Location
- Telijjawila, Matara District, Southern Province Sri Lanka 6°01′18.80″N 80°29′27.30″E﻿ / ﻿6.0218889°N 80.4909167°E

Information
- School type: Public provincial 1C
- Founded: 1910
- School district: Akuressa Education Zone
- Authority: Southern Provincial Council
- Principal: Sisira K. Dheerasinghe
- Teaching staff: 110
- Grades: 1-13
- Gender: Mixed
- Age range: 5-18

= Rajakeeya Maha Vidyalaya, Telijjawila =

Rajakeeya Maha Vidyalaya, Telijjawila (රාජකීය මහ විද්‍යාලය තෙලිජ්ජවිල; Royal Central College, Telijjawila also known as Royal College, Telijjawila or Telijjawila Royal College) is a provincial school in Telijjawila near Matara, Sri Lanka.

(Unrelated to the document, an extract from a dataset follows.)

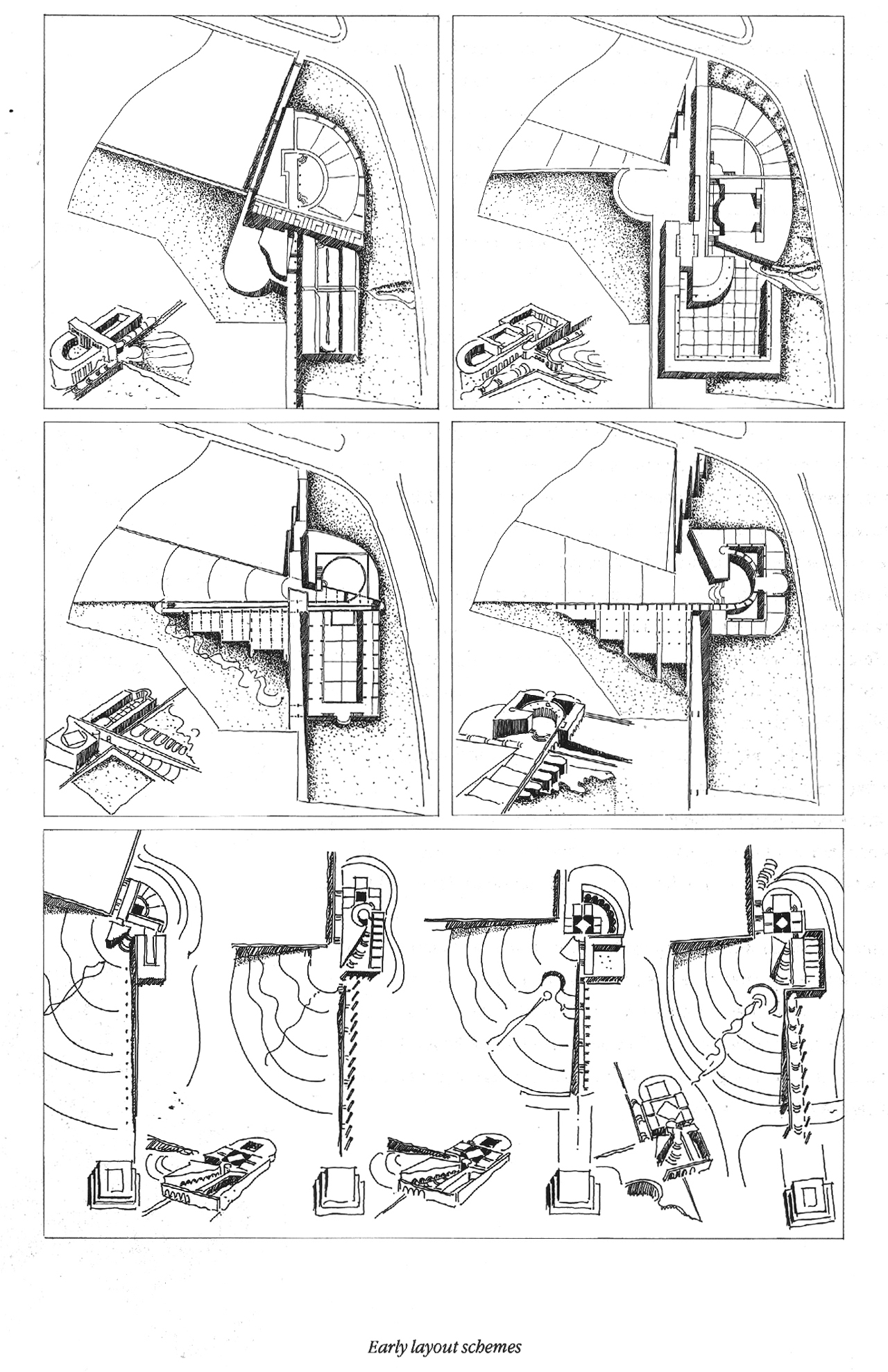 t (11).jpg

The first principal of the girls' section was Mrs. Lilie Samawathie Abeysekara, while the boys' section principal was Mr. Don Robert Dharmawardana. Principal Mr. P.B. Jinadasa renamed the school Rajakeeya Maha Vidyalaya-Telijjawila. At present, the school has a well-equipped library, a modern computer lab, an audio and video unit and commerce and arts sections for G.C.E (A/L). The student population is about 2,500, and has the largest number of student population in the Akuressa educational zone.